For a while I have been in a state of catharsis. I’ve been aching to find and become my authentic self and to just arrive at the destination that life has planned for me. I’m in constant contemplation of my goals and how to devise a plan that best suits the route that makes me feel the proudest of myself. My humility has been in overdrive lately in response. I find myself second-guessing my choices and talents- feeling like my humble approach has gotten me here- yanno, stable, “healthy”, and on my own. Perhaps I may need to change that.
The most passionate depths of my spirit ache to be soothed with meaningful work and thoughtful efforts toward things bigger than just me.
While in deep thought, I often am at a crossroads with how to feel while pursuing these dreams I have. I want to build my momentum in this pursuit by revving myself up daily with powerful mantras and loaded statements full of confidence that I chant to myself in front of a mirror but, I’m not sure I’ve mastered the spiritual balance necessary that doesn’t tap into my egotistical mind when I do so. Is it truly ego that has helped icons and influencers like Jay-Z and Cardi B maneuver in the money moves they make? Was it simply because they KNEW they deserved all their accolades that they then built the skillset needed to accomplish those goals?

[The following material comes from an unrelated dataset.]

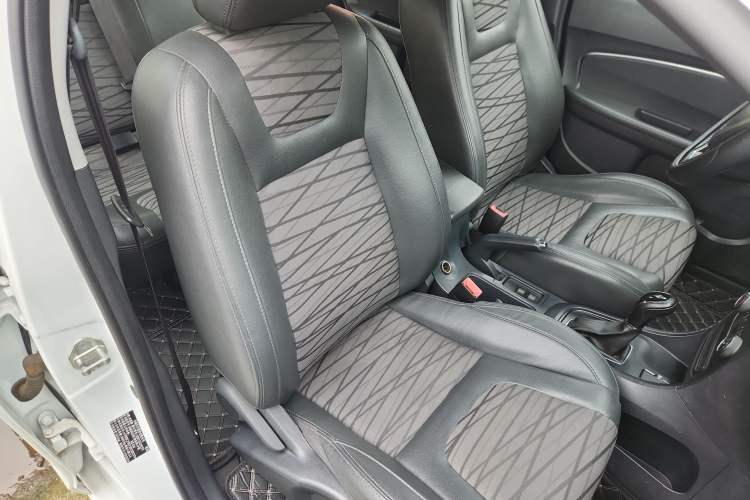 Used Cowin E3 2018 1.5L Automatic Luxury Version Right Front Seat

The ego can drive a lot of success but it should be used sparingly as it’s one of the most critical facets of greed and a likely vehicle for envy. Many top CEO’s and affluent business-owners attribute the instilling of this false confidence in oneself as a great propellant for salesmanship and attracting investors in one’s dreams so, this could eventually lead to “success”. This is all dependent upon what one’s view of success truly is though. To me, ego can make it appear as if someone is truly manifesting: willing the universe to comply with their desires.

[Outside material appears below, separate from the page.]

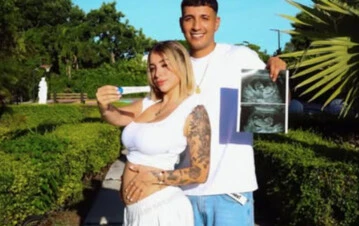 La influencer que vive un drama de infidelidad estando embarazada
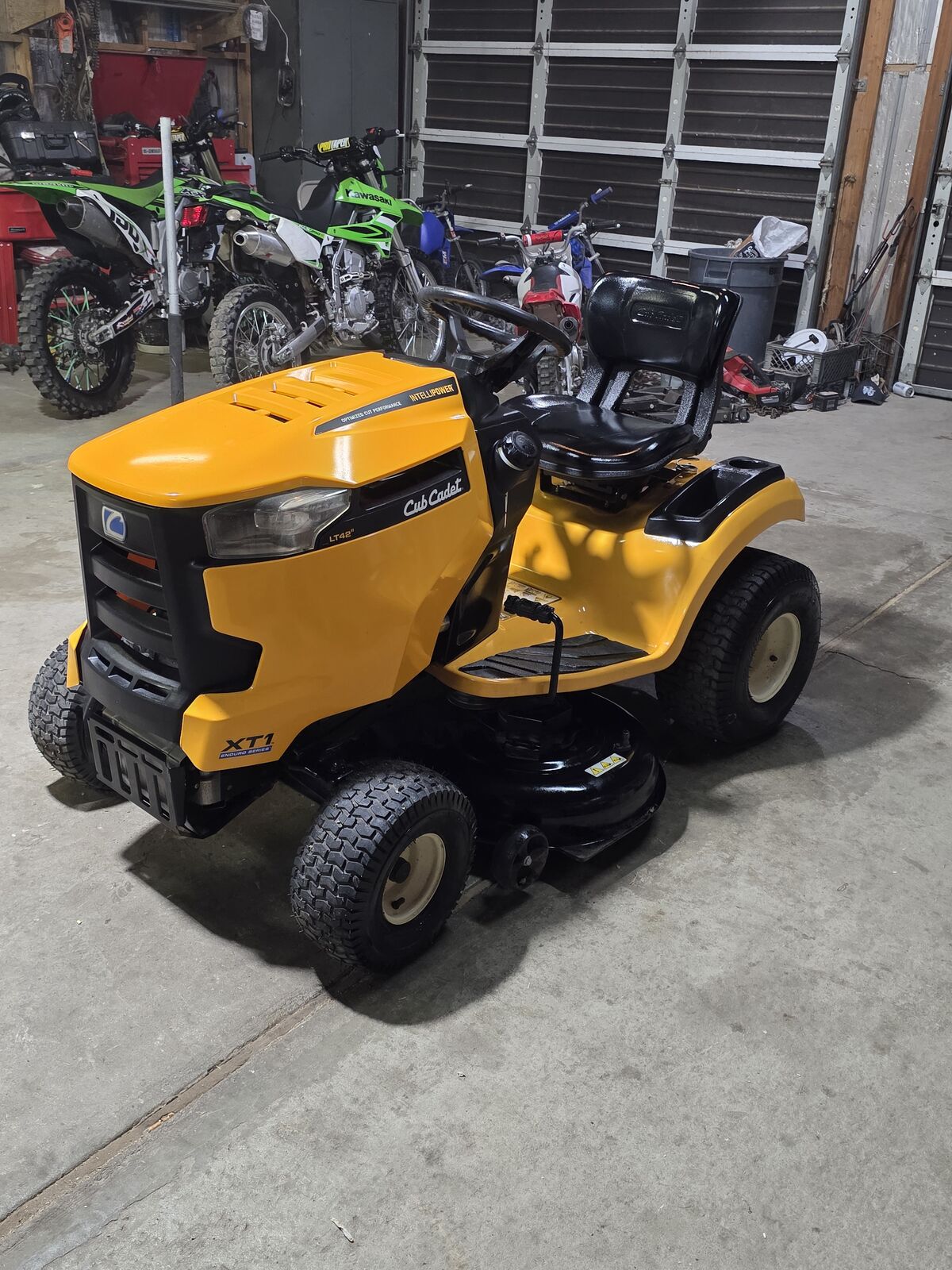 Cub cadet XT1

Although this works for some, it’s true that everyone may want to wear the crown but, few can handle the attention it garners. Signs of ego going awry can be seen everywhere from Kanye’s many antics to even Taylor Swift’s “borrowing” of the staging ideas of Beyoncé. It can become front-page news when an inflated ego is in full effect- mostly because the actions caused by it can be outlandish in both good and bad ways. Personally, I’d never want to be seen flailing mentally on a public stage so, I have to discover a tactic to manage building assurance in my talents while maintaining a rational and ethical perspective on life and its meaning.

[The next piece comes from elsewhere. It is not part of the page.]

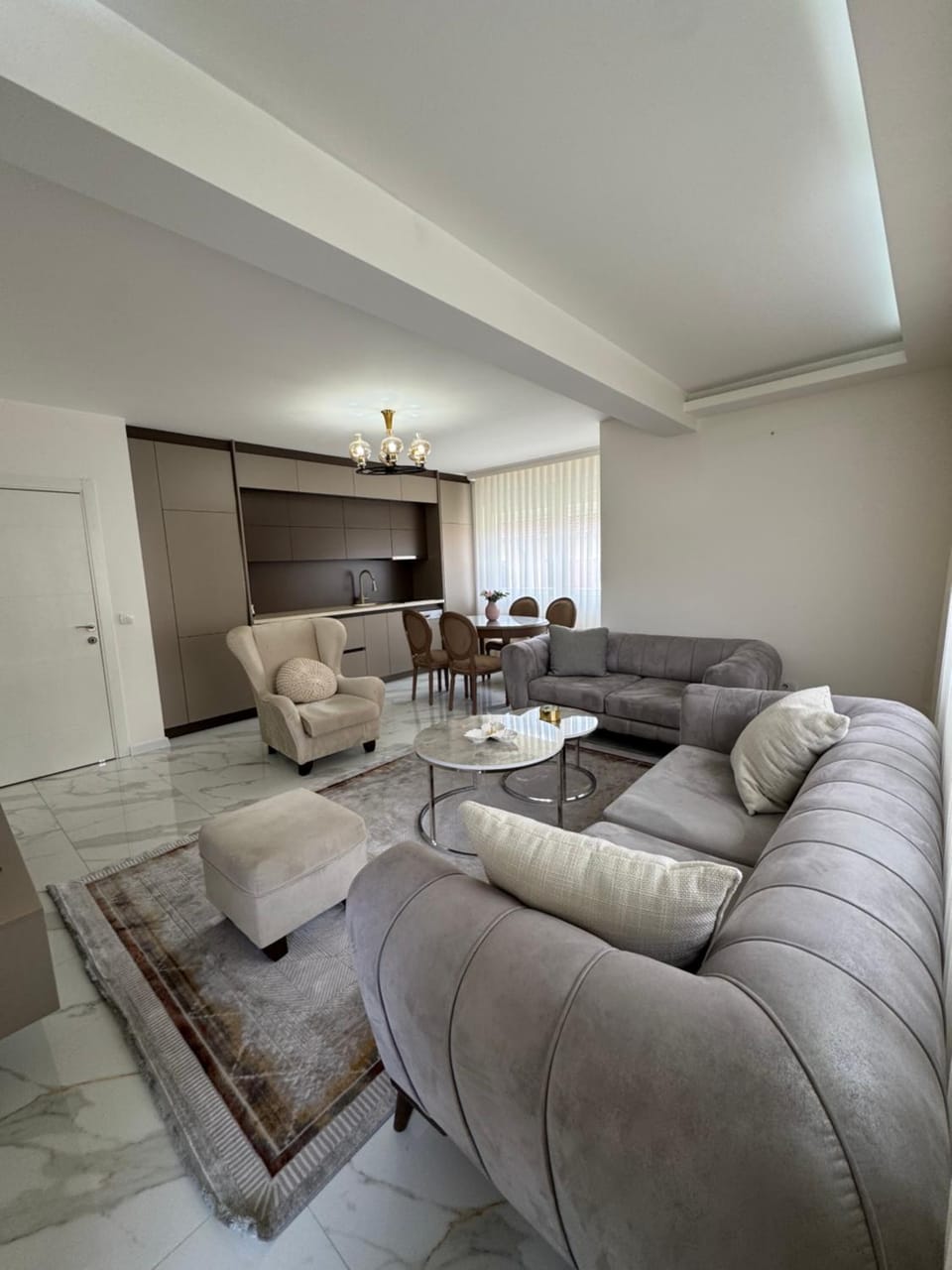 Living room, Seating area, Dining area, kitchen, kitchen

In a previous post, I mentioned how celebrities and influencers often use ego to attract fans and admirers. If handled without the backing of true confidence, a strong sense of self and community, and the right PR team- a hollow ego will leave you depressed and possibly acting out. You never see Beyonce not taking it all in the stride like a true boss. Egotistical people without the aforementioned traits can swing between highs and lows financially and mentally because by definition, the ego is a shallow reflection of oneself.
Understanding this, I have reached a point where I’m aiming to find true humility. I’m willing myself to search for the stasis between a profound sense of self-confidence and full acknowledgment of my faults and places that need improvement. The balance I’m craving can only be done with a full understanding of what I want to accomplish though. My work now is to pinpoint my focus so I can use my ego as the vehicle to get me to my chosen destination.